Symptoms of a broken nose include bruising, swelling, tenderness, pain, deformity, and/or bleeding of the nose and nasal region of the face. The patient may have difficulty breathing, or excessive nosebleeds (if the nasal mucosa are damaged). The patient may also have bruising around one or both eyes.

==Cause==
Nasal fractures are caused by physical trauma to the face. Common sources of nasal fractures include sports injuries, fighting, falls, and car accidents in the younger age groups, and falls from syncope or impaired balance in the elderly.

==Diagnosis==
Nasal fractures are usually identified visually and through physical examination. In addition, relevant questions to ask the patient include whether there is a noticeable cosmetic deformity and whether the patient has difficulty breathing through the nose after the injury. Medical imaging is generally not recommended. A priority is to distinguish simple fractures limited to the nasal bones (Type 1) from fractures that also involve other facial bones and/or the nasal septum (Types 2 and 3).

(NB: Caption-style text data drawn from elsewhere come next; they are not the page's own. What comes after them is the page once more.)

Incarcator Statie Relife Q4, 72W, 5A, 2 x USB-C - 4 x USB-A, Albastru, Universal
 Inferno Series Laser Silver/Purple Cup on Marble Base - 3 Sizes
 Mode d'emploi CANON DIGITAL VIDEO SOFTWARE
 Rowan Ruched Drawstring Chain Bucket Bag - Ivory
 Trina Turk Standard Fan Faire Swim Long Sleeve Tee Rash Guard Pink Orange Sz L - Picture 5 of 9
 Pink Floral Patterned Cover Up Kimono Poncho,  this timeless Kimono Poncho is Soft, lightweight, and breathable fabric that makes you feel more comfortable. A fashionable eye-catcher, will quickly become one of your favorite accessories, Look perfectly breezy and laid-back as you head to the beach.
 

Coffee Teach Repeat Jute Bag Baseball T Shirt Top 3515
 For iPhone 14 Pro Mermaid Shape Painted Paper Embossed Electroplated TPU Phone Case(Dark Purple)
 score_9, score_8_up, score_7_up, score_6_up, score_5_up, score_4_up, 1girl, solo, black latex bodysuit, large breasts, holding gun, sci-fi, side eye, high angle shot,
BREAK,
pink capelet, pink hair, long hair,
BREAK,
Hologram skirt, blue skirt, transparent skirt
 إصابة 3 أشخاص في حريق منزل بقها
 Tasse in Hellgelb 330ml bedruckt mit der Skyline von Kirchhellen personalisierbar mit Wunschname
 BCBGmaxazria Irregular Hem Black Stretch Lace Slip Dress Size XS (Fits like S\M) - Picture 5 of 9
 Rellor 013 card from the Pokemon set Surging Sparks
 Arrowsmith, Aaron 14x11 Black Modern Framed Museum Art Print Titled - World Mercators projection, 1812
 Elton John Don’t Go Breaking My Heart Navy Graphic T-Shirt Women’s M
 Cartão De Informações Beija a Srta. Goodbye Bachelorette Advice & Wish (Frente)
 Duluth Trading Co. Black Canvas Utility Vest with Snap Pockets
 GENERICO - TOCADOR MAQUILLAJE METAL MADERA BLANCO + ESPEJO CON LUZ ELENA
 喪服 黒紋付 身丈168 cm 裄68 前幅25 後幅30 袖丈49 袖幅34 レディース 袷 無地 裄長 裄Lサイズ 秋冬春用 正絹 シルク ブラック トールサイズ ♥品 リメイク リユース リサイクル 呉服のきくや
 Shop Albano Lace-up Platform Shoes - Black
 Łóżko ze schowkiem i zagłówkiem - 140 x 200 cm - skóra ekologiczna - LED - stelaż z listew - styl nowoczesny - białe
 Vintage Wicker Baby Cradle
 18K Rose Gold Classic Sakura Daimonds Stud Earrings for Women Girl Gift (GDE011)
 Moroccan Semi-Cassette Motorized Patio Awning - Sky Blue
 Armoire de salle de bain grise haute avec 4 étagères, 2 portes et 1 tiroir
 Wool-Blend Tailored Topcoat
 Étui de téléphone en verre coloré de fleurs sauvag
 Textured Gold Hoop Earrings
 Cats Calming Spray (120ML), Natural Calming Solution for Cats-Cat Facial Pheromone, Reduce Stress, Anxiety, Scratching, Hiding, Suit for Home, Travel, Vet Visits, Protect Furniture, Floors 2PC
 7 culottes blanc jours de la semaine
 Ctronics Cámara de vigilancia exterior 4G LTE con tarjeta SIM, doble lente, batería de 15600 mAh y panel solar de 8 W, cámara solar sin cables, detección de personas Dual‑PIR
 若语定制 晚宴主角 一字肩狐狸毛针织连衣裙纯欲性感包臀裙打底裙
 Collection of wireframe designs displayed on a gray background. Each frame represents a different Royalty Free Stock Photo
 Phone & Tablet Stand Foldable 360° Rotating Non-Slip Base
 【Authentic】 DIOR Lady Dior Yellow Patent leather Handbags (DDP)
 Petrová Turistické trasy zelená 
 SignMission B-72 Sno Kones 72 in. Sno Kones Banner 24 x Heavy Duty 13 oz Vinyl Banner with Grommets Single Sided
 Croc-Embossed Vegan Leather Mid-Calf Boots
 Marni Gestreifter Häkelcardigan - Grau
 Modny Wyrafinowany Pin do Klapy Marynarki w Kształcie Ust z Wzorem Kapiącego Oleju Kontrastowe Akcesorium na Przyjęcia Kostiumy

In simple Type 1 fractures X-Rays supply surprisingly little information beyond clinical examination. However, diagnosis may be confirmed with X-rays or CT scans, and these are required if other facial injuries are suspected.

A fracture that runs horizontally across the septum is sometimes called a "Jarjavay fracture", and a vertical one, a "Chevallet fracture".

Although treatment of an uncomplicated fracture of nasal bones is not urgent—a referral for specific treatment in five to seven days usually suffices—an associated injury, nasal septal hematoma, occurs in about 5% of cases and does require urgent treatment and should be looked for during the assessment of nasal injuries.

==Treatment==
Minor nasal fractures may be allowed to heal on their own provided there is not significant cosmetic deformity. Ice and pain medication may be prescribed to ease discomfort during the healing process. For nasal fractures where the nose has been deformed, manual alignment (ie, closed reduction) may be attempted, usually with good results. Manually alignment should be performed in adults within 10 days of injury (prior to the bone healing in the misaligned state). For children, bone healing occurs faster, so manual alignment should ideally be performed within 4 days of injury. Injuries involving other structures (Types 2 and 3) must be recognized and treated surgically.

==Prognosis==
Bone stability after a fracture occurs between 3 and 5 weeks. Full bone fusion occurs between 4 and 8 weeks.